Thanks for the guidance niki.......Get the following book from the library and read chapter 8.
Microstrip Filters
for RF/Microwave
Applications
JIA-SHENG HONG
M. J. LANCASTER
....
8. Coupled Resonator Circuits
8.1 General Coupling Matrix for Coupled-Resonator Filters
8.1.1 Loop Equation Formulation
8.1.2 Node Equation Formulation
8.1.3 General Coupling Matrix
8.2 General Theory of Couplings
....
Without cross-coupling, the synthesis is still easy. With cross-coupled resonators it becomes demanding.
If it helps, i can generate the polynomials for you. But i need a specification (passband(s), stopband(s), ripple, transmission zeros, etc.)

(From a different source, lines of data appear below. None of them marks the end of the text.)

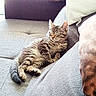 Ash a rejoint le concours — aidez-le/la à gagner de superbes lots ! animal, cat, couch, cozy, cute, domestic, feline, fur, home, indoor, kitten, nap, pet, pillows, relaxing, resting, sleeping, soft_light, tabby, whiskers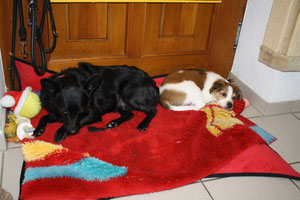 Coco im Rudel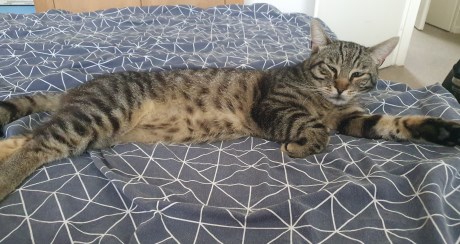 Kat Europese korthaar of huiskat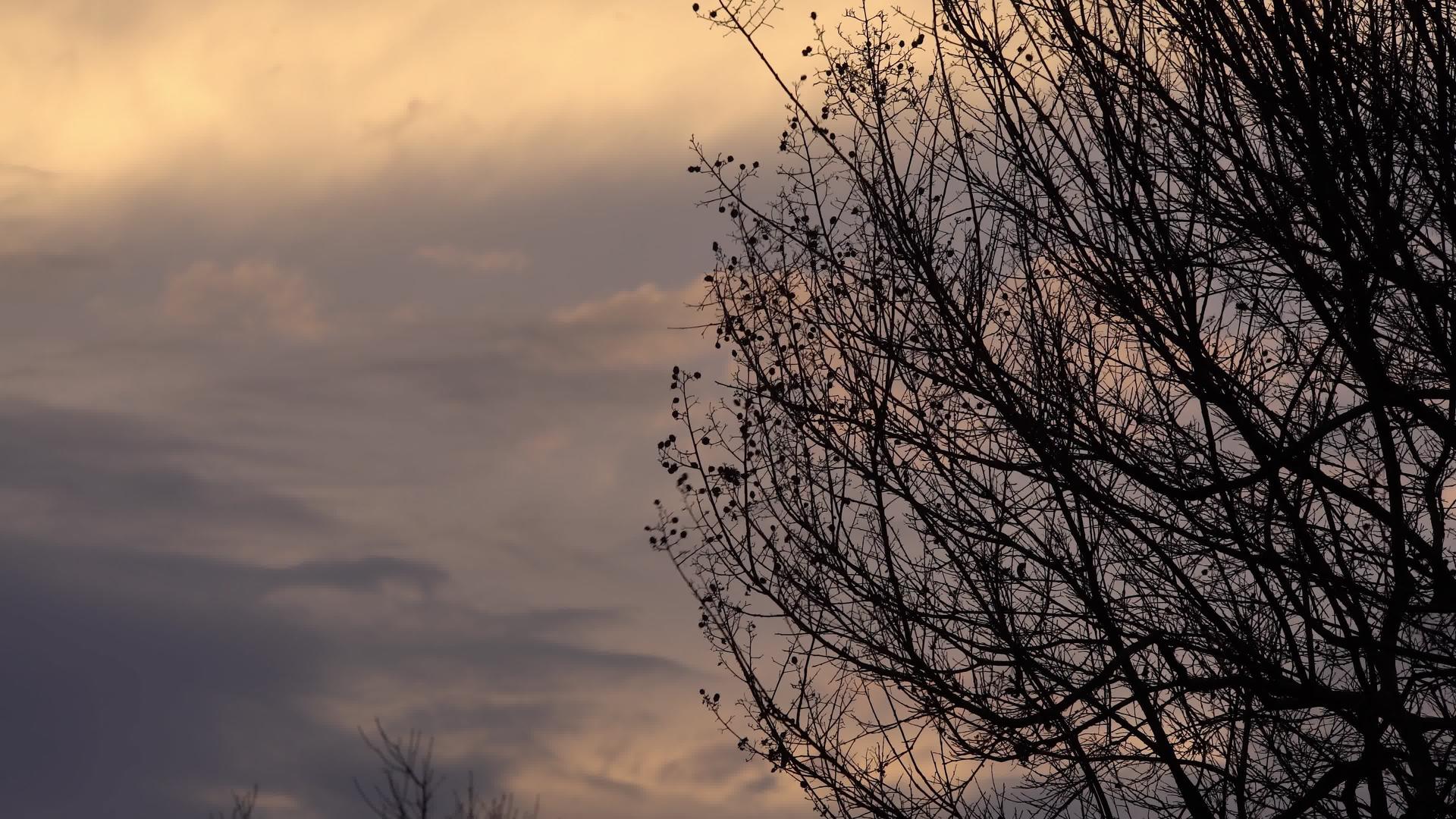 日落5时空的树枝视频的预览图
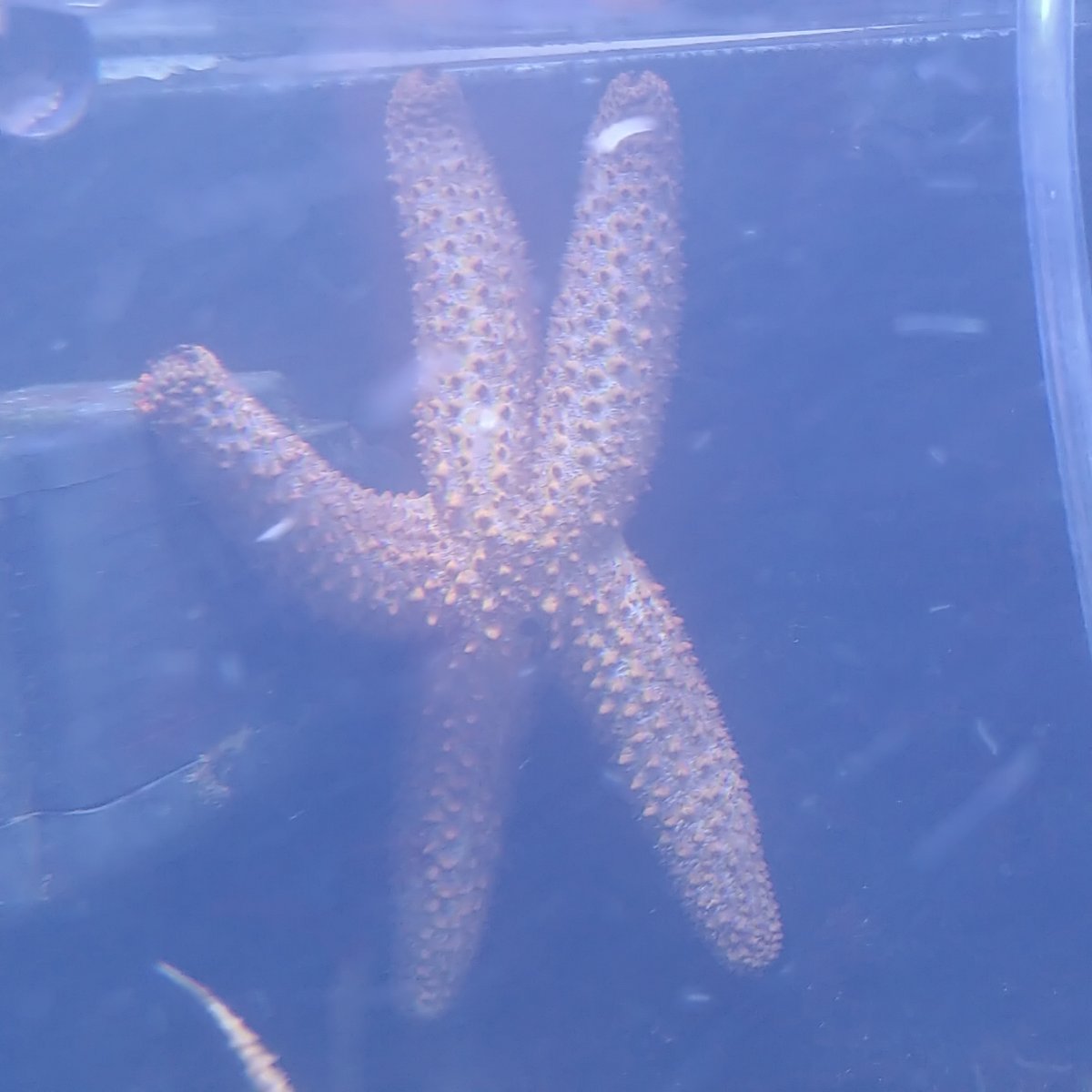 what-do-sand-sifting-starfish-eat-page-2-reef2reef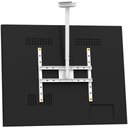 Ver imagem 2 de Suporte Teto Tv 10"-65" Vesa 600x400 Giro 360° Novo - Branco
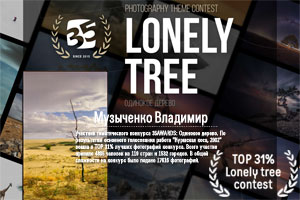  TOP 31% Lonely tree contest       35AWARDS:  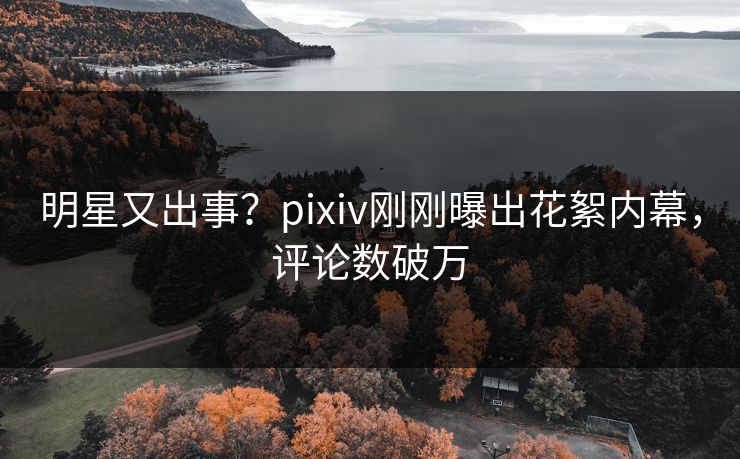 明星又出事？pixiv刚刚曝出花絮内幕，评论数破万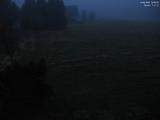 19 : 36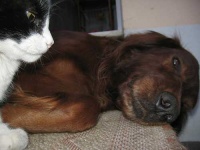 image of irish_setter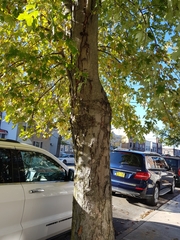 Acer saccharinum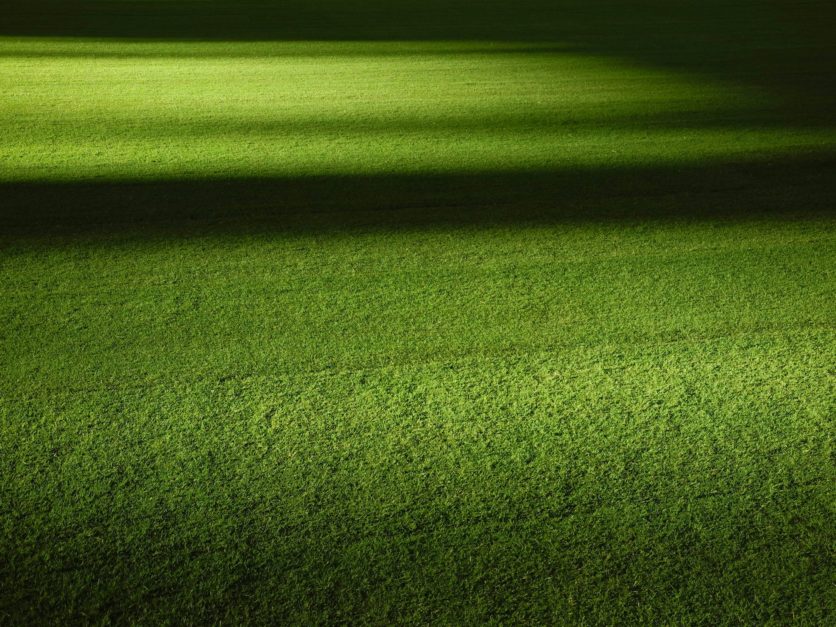 Artificial Grass in Karachi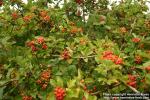 Photo: Crataegus maximowiczii 06.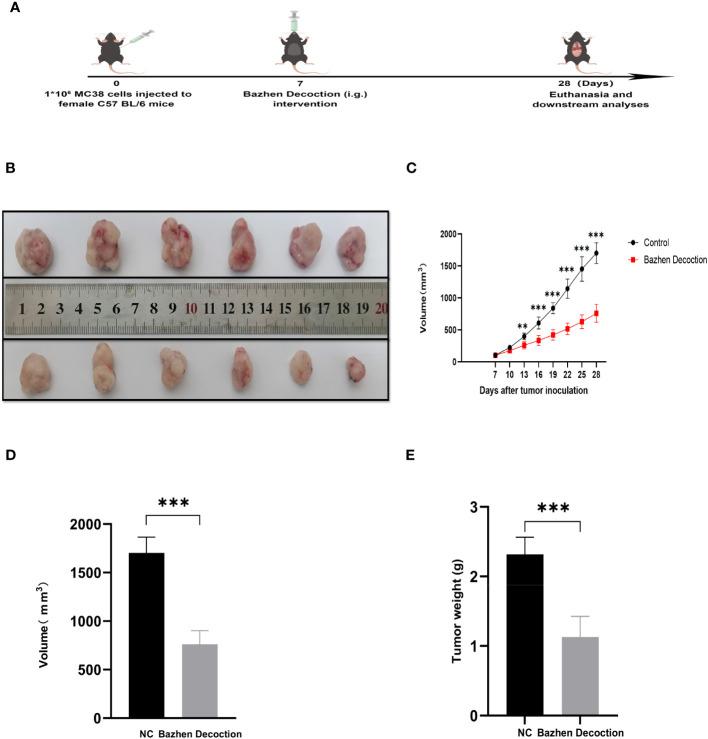 https://cdn.ncbi.nlm.nih.gov/pmc/blobs/ec1a/10548240/cc8bf8b48c49/fimmu-14-1235575-g011.jpg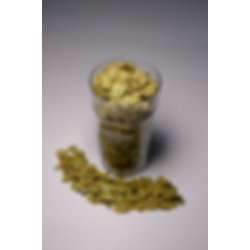 Progress - Alpha 7.6% - 2022 Harvest 100g  Worcester Hop Shop - Worcester Hop Shop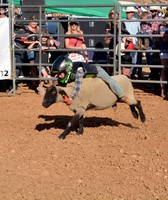 El Dorado County Fair
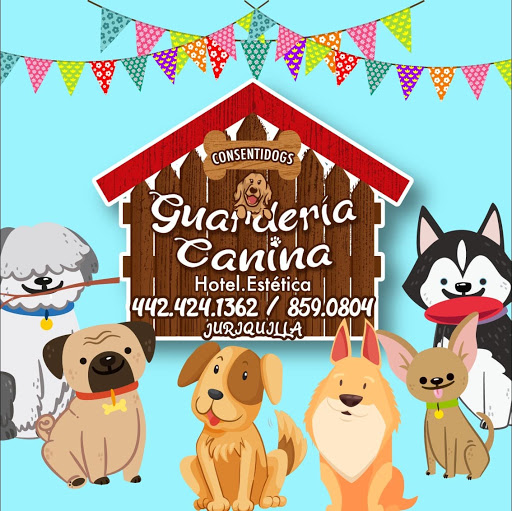 Guardería Canina Consentidogs Juriquilla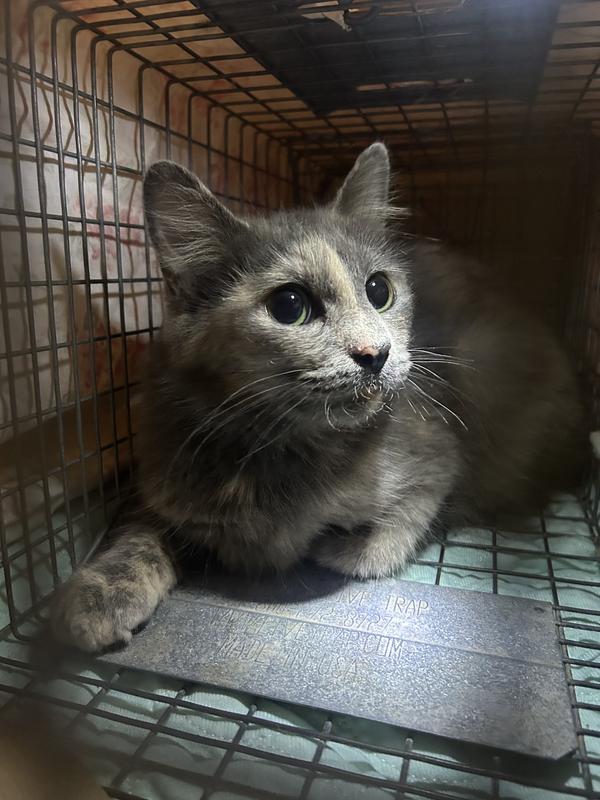 Elusive cat I’ve been trying to catch for months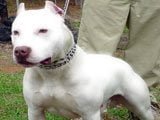 American Pit Bull Terrier - Razas de Perros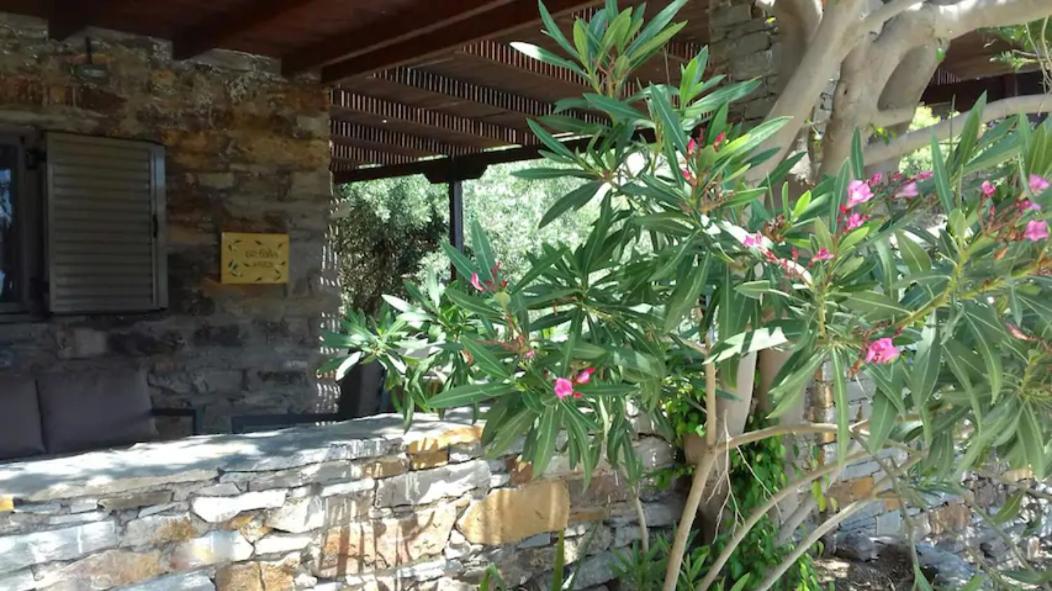 Villa Elea Koundouros Esterno foto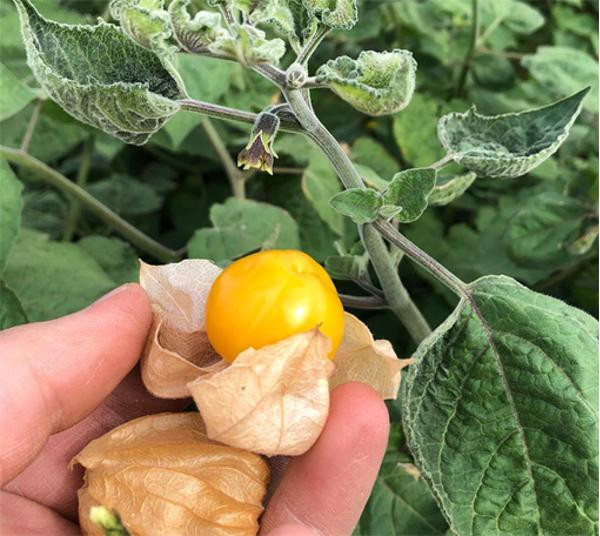 Produktfoto zu Physalis, deutsche Ernte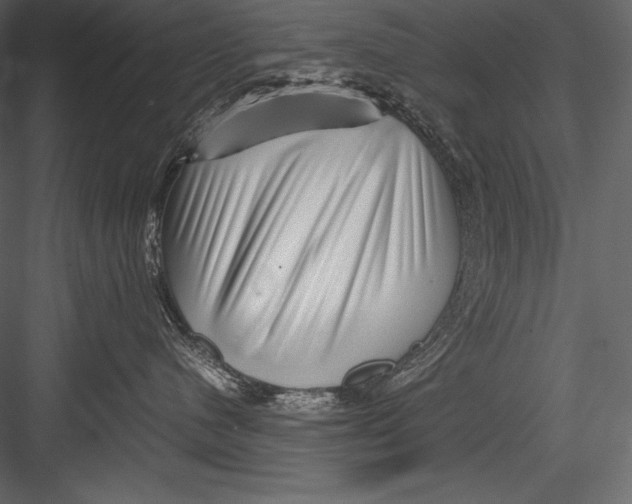 X0000082950480200702222318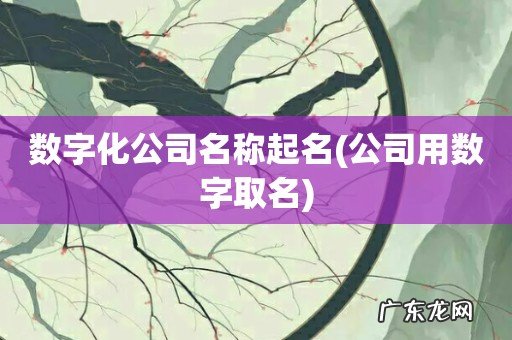 公司用数字取名 数字化公司名称起名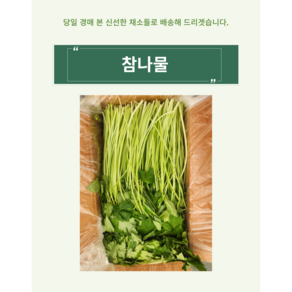 향긋한 참나물 특품 국내산 1kg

Thanks for the guidance niki.......
I have gone through the relevent content of the book, but its totally about the coupling technique, although its required but as a startup for this tech., I need polynomials for the synthesis of which I've faced several problems. The required specs are passband (5.5 to 5.85 GHz) i.e. 2 Tx zeros at these frequency points.The resonant frequency of the filter, fo=5.8GHz with 190MHz bandwith. while return loss/equiripple loss is 20-22 dB.
These para. are wrt the S parameter graph you can find in the attachment.Please check/correct the specifications:
passband from 5.5 to 5.85 gives a bandwidth of 350 MHz
center frequency f0=5.8GHz with 190 MHz leads to a passband from 5.705 to 5.895 GHz
Are the transmission zeros correct with 5.5 Ghz and 5.85 GHz ?
Possibly a typo somewhere...
These para. are wrt the S parameter graph you can find in the attachment.
Moreover, I also need a systematic explanation to implement filter synthesis by this technique. Till now, I have inferred that,
1) first we need polynomials S11 and S21 etc containing filter requirements (Tx zeros, ripples etc).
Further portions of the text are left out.